══ Data excerpts ══

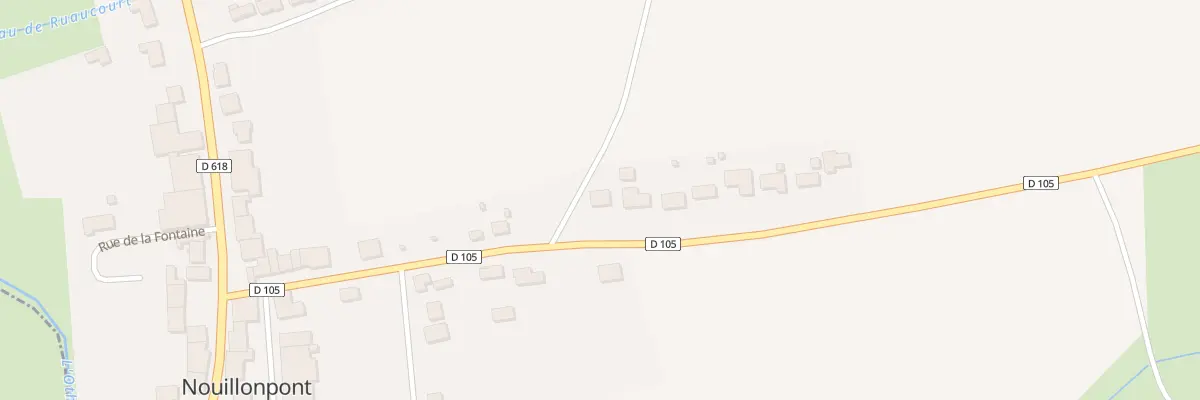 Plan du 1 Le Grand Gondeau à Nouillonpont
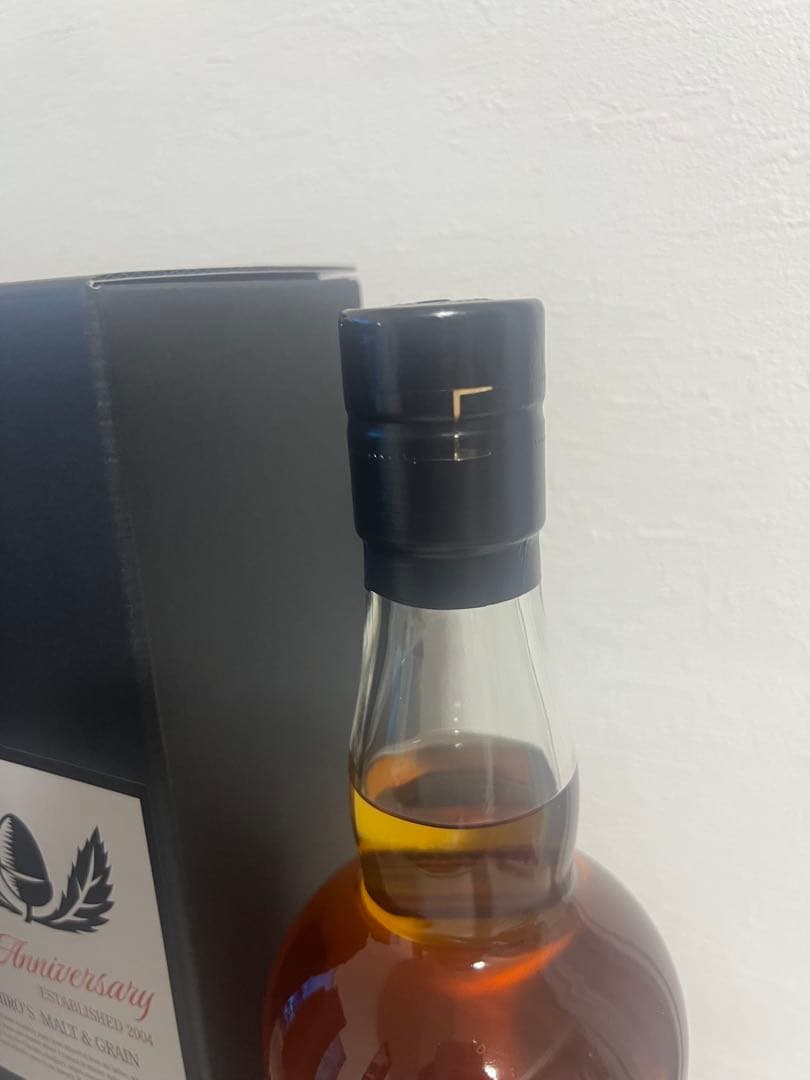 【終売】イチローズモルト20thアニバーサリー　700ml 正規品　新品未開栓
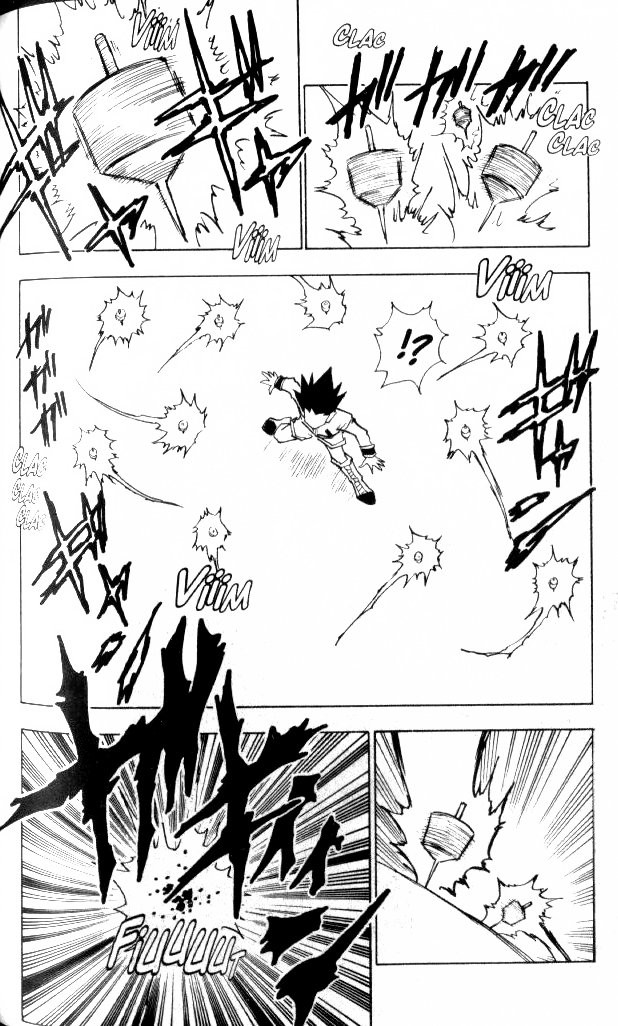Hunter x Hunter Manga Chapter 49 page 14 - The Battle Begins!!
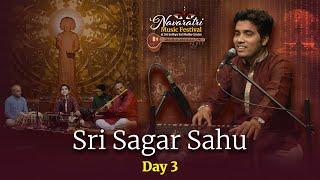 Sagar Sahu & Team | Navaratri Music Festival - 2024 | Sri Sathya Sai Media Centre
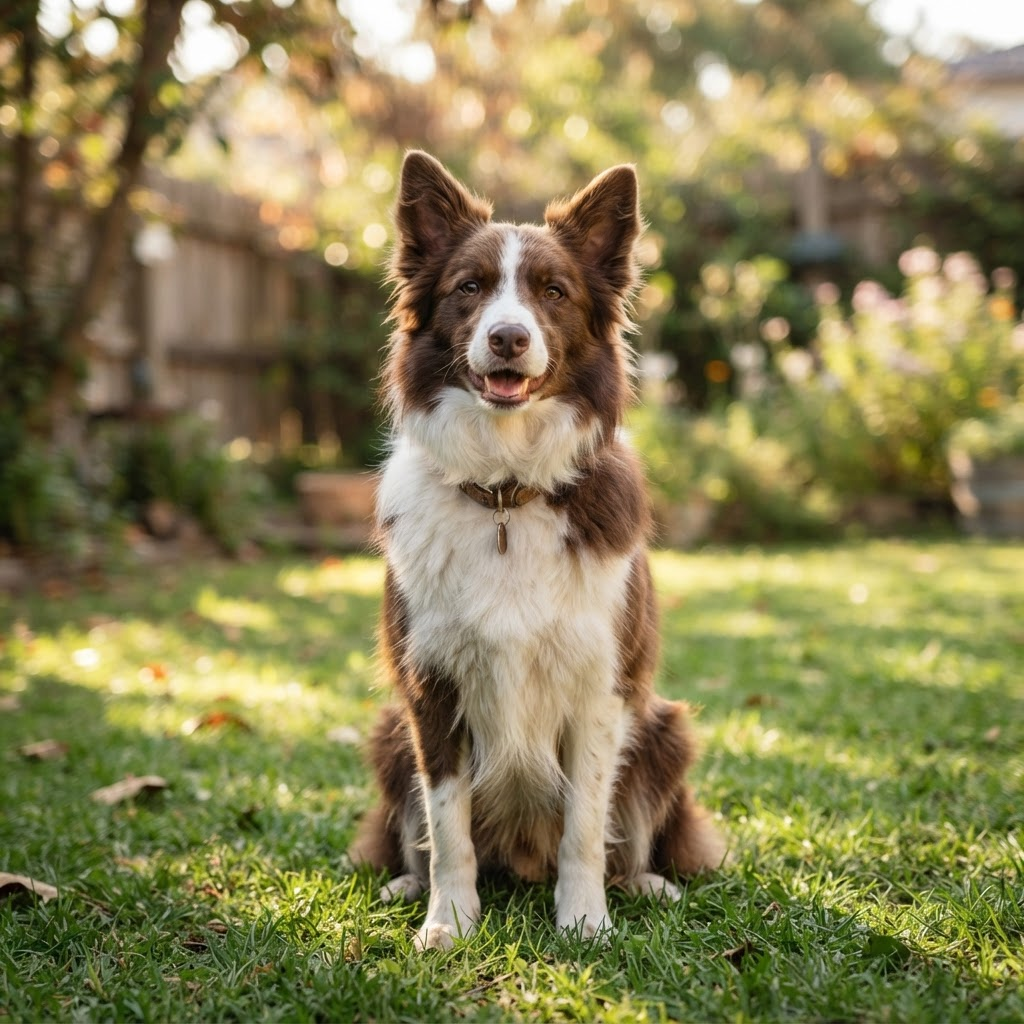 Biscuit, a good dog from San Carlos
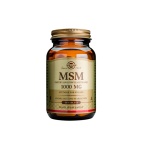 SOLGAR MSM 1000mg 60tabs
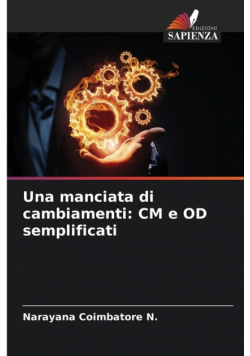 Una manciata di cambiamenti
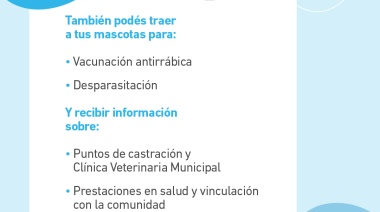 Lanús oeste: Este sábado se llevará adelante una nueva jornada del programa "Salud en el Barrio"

═══

**Task requirements**
Each line from the one containing "Hunter x Hunter" through the last line of the listing must be copied exactly, and the pictures must not be.

**Response to this task**
Hunter x Hunter Manga Chapter 49 page 14 - The Battle Begins!!
 Sagar Sahu & Team | Navaratri Music Festival - 2024 | Sri Sathya Sai Media Centre
 Biscuit, a good dog from San Carlos
 SOLGAR MSM 1000mg 60tabs
 Una manciata di cambiamenti
 Lanús oeste: Este sábado se llevará adelante una nueva jornada del programa "Salud en el Barrio"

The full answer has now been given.